The film, that was interesting too. A fairly simple recombination of old themes and current media foci, proficiently brought together in a very easy to digest whole. The visuals were nice, the mood was just right, and the visual cues were perfect, there was no clubbing you over the head with the key plot points, but everything was present and correct. As far as I could tell.

It got me thinking. [minor spoiler ahead] The part where Shaw kills the senator and his daughter seems so out of place at the time, but then the revelation that his ambitious mother put him up to it [end of spoiler] serves as a timely reminder that human nature hasn't progressed in the same way that technology has. Visions of cavemen in shirts and ties, turning up to work with swish laptops and fancy watches spring to mind. Yay for caricatures. Then we watch those cavemen running the United States of America, and telling us what it means to be moral. EDIT: Not forgetting that in this instance 'caveman' refers to the common consciousness of caveman, not the less politically incorrect view of 'cavemen' that I prefer. Why oh why did I succumb to such prejudiced concept choice? Ho hum...

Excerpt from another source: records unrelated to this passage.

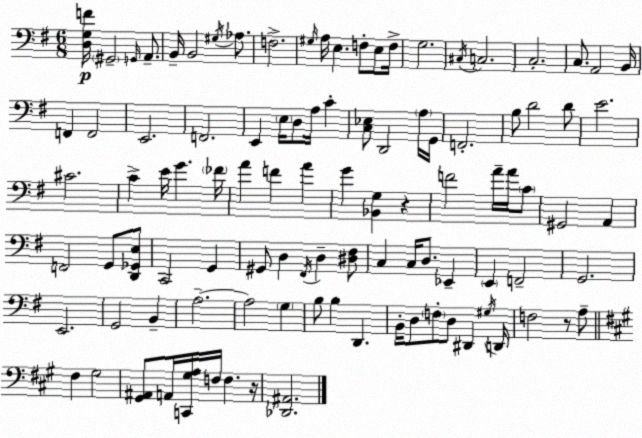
X:1
T:Untitled
M:6/8
L:1/4
K:G
[D,G,F]/4 ^G,,2 G,,/4 A,,/2 B,,/4 B,,2 ^G,/4 _A,/2 F,2 ^G,/4 A,/4 E, F,/2 E,/2 F,/4 G,2 ^C,/4 C,2 C,2 C,/2 A,,2 B,,/4 F,, F,,2 E,,2 F,,2 E,, E,/4 D,/2 A,/4 C [C,_E,]/2 D,,2 A,/4 G,,/4 F,,2 B,/2 D2 D/2 E2 ^C2 C E/4 G _F/4 A F A G [_B,,G,] z F2 A/4 A/4 C/2 ^G,,2 A,, F,,2 G,,/2 [D,,_G,,E,]/2 C,,2 G,, ^G,,/2 D, ^F,,/4 D, [^D,^F,]/2 C, C,/4 D,/2 _E,, E,, F,,2 G,,2 E,,2 G,,2 B,, A,2 A,2 G, B,/2 B, D,, B,,/4 D,/2 F,/2 D,/2 ^D,, ^G,/4 D,,/4 F,2 z/2 A,/2 ^F, ^G,2 [^G,,^A,,]/2 A,,/4 [C,,^G,A,]/4 F,/4 F, z/4 [_D,,^A,,]2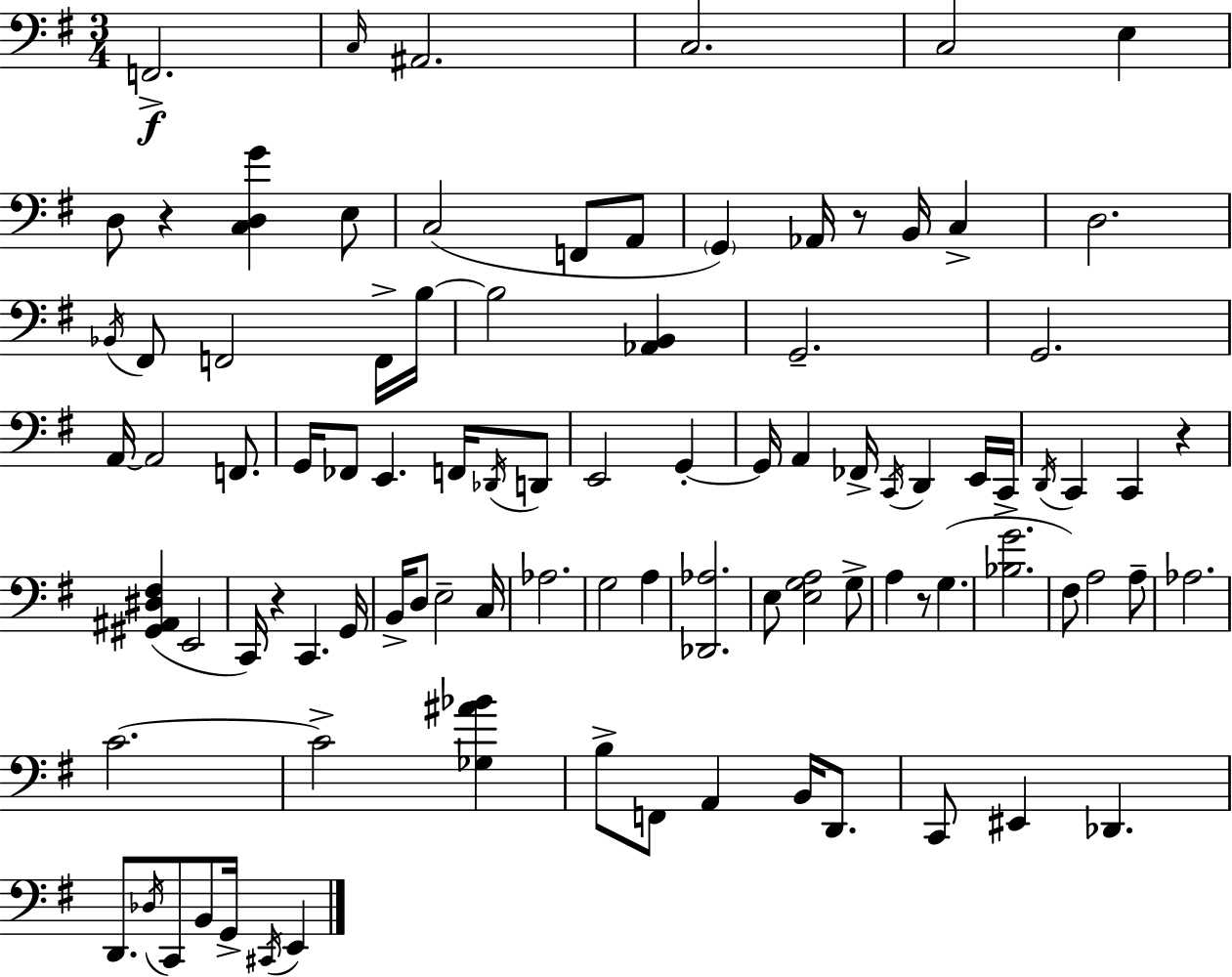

The film also seemed to be a veritable montage of idealistic political opinion and suggestion. It seemed to me that virtually all the background material had been carefully selected, including the news tickers on the various TV broadcasts and the contents of background TV broadcasts. Having one of the key characters walking through a school play fitted in well with the context, and the parallelism was very apt. The brainwashing in the film was clearly exaggeration for the sake of making a point, but the parallel with school kids provided a neat stepping stone onto some more down-to-earth problems.

The film clearly seemed to be a platform for peddling left-wing viewpoints, wrapped up in current issues and parlance. It makes me wonder to what extent 'meme-placement' in films is becoming commonplace. And to what extent it is moral or not.

An absolutely neutral film would be verging on impossible to produce, and would probably taste like the plastic food we're all getting accustomed to, so why not introduce all sorts of background elements that fit in with your message? I think the key point is that subtly choosing background elements smacks a lot of attempting to subliminally influence the audience. But even if you don't subtly choose anything choices are made, by people, and choices are never neutral, maybe especially when they aren't consciously considered. So which is better, being prey to the memes that propogate themselves under the radar or being aware of what you're transmitting and accepting it?

Nowadays I'm inclined to go down the road of awareness and acceptance, rather than ignorance and denial. (Although I admit the discussion is a lot more complicated than that, and that I've loaded the description badly... ho hum. Just my honest-memes going and making my writing clumsy and 'transparent') And I'm also inclined to say that the argument that proposes that this is unfair on people with insufficient capacity or attention to vet their senses is a dodgy argument. People adapt to their environments, and as long as we have unscrupulous people propogating dodgy self-serving content it's up to those with a conscience to outrace them as hard as possible. And we have a big advantage: we can work together much more, and much more transparently.